01-08-2025 12:00:00 AM
AP Rome
Stealth submarines fitted with space-shooting lasers, supply-chain sabotage and custom-built attack satellites armed with ion thrusters. Those are just some of the strategies Chinese scientists have been developing to counter what Beijing sees as a potent threat: Elon Musk's armada of Starlink communications satellites.
Chinese government and military scientists, concerned about Starlink's potential use by adversaries in a military confrontation and for spying, have published dozens of papers in public journals that explore ways to hunt and destroy Musk's satellites, an Associated Press review found.
Chinese researchers believe that Starlink - a vast constellation of low-orbit satellites that deliver cheap, fast and ubiquitous connectivity even in remote areas - poses a high risk to the Chinese government and its strategic interests. That fear has mostly been driven by the company's close ties to the US intelligence and defence establishment, as well as its growing global footprint.

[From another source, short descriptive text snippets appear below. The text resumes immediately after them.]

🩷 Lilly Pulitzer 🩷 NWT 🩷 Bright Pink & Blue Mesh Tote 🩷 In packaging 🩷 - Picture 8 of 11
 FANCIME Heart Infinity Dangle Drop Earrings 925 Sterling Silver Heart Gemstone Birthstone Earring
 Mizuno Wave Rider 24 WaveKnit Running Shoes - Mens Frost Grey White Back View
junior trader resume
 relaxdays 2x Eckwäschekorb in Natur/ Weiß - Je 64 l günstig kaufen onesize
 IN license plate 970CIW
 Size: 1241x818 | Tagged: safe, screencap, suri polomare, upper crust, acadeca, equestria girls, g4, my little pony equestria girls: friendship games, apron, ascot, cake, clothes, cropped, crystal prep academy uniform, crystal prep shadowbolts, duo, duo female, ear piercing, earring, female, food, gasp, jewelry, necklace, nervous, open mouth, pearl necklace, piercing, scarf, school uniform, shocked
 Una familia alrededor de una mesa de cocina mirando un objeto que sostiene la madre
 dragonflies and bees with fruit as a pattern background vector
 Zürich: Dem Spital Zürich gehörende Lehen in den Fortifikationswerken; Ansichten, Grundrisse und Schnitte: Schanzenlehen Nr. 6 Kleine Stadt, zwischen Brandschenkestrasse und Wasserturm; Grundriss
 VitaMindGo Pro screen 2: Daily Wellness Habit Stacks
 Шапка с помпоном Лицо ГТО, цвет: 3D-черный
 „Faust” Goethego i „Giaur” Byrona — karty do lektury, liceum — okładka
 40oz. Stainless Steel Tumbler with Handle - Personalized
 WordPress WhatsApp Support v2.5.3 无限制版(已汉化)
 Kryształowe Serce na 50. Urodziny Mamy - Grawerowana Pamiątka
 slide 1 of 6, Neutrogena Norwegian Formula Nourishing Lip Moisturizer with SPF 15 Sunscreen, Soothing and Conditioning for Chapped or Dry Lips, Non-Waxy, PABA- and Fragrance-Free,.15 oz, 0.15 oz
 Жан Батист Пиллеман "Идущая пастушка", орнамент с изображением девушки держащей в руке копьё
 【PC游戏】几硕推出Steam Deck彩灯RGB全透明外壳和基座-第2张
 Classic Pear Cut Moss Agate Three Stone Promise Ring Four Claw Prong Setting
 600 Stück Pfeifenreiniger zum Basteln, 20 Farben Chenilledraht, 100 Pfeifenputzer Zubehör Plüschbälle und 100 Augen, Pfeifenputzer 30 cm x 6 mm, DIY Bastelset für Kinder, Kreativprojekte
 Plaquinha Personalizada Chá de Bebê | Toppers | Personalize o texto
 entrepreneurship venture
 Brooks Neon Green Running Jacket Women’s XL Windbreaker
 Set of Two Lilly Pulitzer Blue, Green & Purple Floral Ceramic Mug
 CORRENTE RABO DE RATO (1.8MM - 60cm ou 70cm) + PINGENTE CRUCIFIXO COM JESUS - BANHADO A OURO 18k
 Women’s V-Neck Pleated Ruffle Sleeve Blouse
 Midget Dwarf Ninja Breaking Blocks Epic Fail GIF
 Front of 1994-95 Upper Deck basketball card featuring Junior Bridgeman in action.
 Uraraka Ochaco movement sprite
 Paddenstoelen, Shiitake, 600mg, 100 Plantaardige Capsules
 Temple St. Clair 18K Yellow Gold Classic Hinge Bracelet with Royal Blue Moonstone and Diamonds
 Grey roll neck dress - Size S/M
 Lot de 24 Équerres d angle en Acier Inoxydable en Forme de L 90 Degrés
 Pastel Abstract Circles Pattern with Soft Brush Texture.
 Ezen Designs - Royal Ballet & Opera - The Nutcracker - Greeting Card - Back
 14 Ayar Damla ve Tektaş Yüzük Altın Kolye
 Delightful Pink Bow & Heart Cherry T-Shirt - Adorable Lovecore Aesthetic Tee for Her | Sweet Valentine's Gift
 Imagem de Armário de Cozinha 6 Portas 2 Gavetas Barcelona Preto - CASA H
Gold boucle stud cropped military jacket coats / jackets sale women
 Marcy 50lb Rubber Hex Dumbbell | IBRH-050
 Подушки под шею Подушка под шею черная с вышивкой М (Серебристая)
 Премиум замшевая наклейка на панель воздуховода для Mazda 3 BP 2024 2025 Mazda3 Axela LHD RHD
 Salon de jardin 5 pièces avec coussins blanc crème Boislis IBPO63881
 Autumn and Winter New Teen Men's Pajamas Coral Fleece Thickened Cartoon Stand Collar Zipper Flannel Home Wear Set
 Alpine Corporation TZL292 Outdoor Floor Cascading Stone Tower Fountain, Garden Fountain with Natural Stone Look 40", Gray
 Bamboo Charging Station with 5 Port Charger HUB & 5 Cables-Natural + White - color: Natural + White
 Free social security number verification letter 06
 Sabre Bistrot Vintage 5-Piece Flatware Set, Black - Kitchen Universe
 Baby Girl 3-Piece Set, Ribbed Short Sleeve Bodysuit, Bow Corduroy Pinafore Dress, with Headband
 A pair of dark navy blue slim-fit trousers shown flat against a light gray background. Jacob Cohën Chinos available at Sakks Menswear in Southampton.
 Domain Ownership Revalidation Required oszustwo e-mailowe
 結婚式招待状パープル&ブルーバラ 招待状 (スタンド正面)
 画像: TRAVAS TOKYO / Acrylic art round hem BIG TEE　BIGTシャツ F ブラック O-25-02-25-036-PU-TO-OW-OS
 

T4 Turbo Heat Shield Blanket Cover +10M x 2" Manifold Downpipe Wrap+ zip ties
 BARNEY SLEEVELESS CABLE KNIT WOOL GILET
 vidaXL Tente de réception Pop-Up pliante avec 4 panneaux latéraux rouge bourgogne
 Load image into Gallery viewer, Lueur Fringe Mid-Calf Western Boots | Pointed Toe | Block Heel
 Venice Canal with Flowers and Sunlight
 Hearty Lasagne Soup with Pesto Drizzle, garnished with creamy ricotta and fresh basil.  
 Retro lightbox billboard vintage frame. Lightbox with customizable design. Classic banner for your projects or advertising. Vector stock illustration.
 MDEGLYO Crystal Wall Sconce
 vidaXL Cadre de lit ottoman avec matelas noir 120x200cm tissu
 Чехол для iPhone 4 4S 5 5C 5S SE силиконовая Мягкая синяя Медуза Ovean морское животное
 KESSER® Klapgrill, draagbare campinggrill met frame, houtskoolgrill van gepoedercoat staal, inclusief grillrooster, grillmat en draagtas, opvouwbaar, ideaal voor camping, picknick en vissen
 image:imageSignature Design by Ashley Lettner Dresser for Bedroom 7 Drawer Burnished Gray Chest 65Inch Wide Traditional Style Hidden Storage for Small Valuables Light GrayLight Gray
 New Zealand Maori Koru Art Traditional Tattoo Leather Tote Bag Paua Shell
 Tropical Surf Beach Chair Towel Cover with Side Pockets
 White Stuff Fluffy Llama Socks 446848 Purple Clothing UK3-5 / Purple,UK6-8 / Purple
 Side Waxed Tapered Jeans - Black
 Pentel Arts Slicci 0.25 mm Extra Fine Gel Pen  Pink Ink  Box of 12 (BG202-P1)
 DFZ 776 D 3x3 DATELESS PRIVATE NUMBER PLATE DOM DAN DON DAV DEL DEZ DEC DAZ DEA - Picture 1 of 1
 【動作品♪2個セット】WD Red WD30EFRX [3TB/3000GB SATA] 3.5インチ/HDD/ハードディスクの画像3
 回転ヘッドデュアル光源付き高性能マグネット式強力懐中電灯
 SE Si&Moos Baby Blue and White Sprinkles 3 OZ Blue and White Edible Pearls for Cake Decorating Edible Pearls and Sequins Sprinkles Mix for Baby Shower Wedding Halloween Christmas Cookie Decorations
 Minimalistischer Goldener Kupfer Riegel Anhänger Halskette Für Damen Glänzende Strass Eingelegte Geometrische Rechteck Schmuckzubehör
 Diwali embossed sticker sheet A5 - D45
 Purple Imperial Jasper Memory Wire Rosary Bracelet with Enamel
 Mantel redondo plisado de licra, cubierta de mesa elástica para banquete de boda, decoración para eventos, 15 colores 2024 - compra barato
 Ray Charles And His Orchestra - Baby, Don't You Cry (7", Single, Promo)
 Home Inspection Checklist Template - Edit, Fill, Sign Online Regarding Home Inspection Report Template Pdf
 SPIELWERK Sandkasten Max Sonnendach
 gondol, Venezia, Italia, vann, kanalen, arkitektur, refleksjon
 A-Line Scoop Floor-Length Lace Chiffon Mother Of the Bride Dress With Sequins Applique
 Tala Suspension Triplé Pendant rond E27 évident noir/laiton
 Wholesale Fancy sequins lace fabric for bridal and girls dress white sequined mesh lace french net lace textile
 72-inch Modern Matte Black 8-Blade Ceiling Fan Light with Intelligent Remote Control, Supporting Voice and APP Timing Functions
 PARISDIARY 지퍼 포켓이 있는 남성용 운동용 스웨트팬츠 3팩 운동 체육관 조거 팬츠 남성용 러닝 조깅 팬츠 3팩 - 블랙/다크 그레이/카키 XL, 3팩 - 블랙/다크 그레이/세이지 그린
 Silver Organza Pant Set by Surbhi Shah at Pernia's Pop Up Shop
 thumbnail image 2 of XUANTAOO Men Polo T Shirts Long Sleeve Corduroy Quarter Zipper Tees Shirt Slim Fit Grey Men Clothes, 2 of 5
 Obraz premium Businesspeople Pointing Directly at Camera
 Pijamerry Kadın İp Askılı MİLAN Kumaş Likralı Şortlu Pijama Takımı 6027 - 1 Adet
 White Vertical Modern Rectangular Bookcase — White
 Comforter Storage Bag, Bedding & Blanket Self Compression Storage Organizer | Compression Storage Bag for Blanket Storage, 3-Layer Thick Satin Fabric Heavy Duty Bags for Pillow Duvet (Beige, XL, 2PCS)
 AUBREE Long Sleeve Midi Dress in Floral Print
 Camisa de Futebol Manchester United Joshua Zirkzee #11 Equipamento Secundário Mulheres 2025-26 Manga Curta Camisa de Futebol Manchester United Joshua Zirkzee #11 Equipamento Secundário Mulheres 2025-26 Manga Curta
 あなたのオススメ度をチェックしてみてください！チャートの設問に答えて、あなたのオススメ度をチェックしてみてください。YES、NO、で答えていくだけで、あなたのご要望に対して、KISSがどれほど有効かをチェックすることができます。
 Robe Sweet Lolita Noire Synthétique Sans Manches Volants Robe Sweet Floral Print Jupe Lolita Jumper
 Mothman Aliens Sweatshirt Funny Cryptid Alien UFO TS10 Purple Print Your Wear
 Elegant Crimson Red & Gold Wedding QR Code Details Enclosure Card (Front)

"As the United States integrates Starlink technology into military space assets to gain a strategic advantage over its adversaries, other countries increasingly perceive Starlink as a security threat in nuclear, space and cyber domains," wrote professors from China's National University of Defense Technology in a 2023 paper.
Chinese researchers are not the only ones concerned about Starlink, which has a stranglehold on certain space-based communications. Some traditional US allies are also questioning the wisdom of handing over core communications infrastructure - and a potential trove of data - to a company run by an unpredictable foreign businessman whose allegiances are not always clear.
Apprehensions deepened after Russia's 2022 full-scale invasion of Ukraine made clear the battlefield advantages Starlink satellites could convey and have been exacerbated by Musk's proliferating political interests.